When we look around the world that we inhabit, we discover individual entities interacting in various ways. We set about determining their nature and characteristics, making divisions and organizing into territories. We classify and make categories; we refine our initial stands into theories, rules of thumb, and philosophies. We project our views out into reality, juxtaposing our opinions and interpretations to establish certainties.

We have already explored the underlying mechanisms and structures that sustain these ways of knowing. In terms of how we know, however, the fundamental structure relates to the position that we take up in regard to the world that we observe and make use of. We are 'bystanders' to reality. We stand outside the flow of what is happening, struggling to make sense of it.

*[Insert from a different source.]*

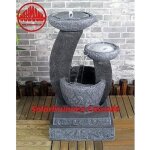 Fontaine cascade solaire wehmann - gris - pompe 6v - clairage led - batterie lithium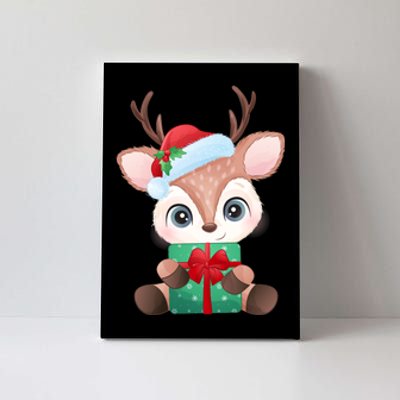 Cute Festive Christmas Reindeer Present Canvas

As bystanders, we start from a position of not-knowing and never really advance beyond it. Situated at a distance from what needs to be known, we cannot wholly bridge the gap. Our knowledge is limited accordingly. It is like designing a dress for someone we have never seen, based on descriptions and rumors. We use our best imagination, formulate our best hypotheses, make our best comparisons, and hope that the dress fits. What more can we do?

 

Once our fabrications are put in place, we make new experience accord with them and act on the basis of the values and certainties they proclaim. We act to make our views conclusive: to establish truth, reality, and the absolute. We force the multiple dimensionality of what arises into the mold of what we have already claimed and proclaimed. We let our ideas define our experience and give character and characteristics accordingly. Perhaps appearance itself could lead the mind to knowledge, but that is not our way; instead, we make what appears follow the lead of the bystander mind.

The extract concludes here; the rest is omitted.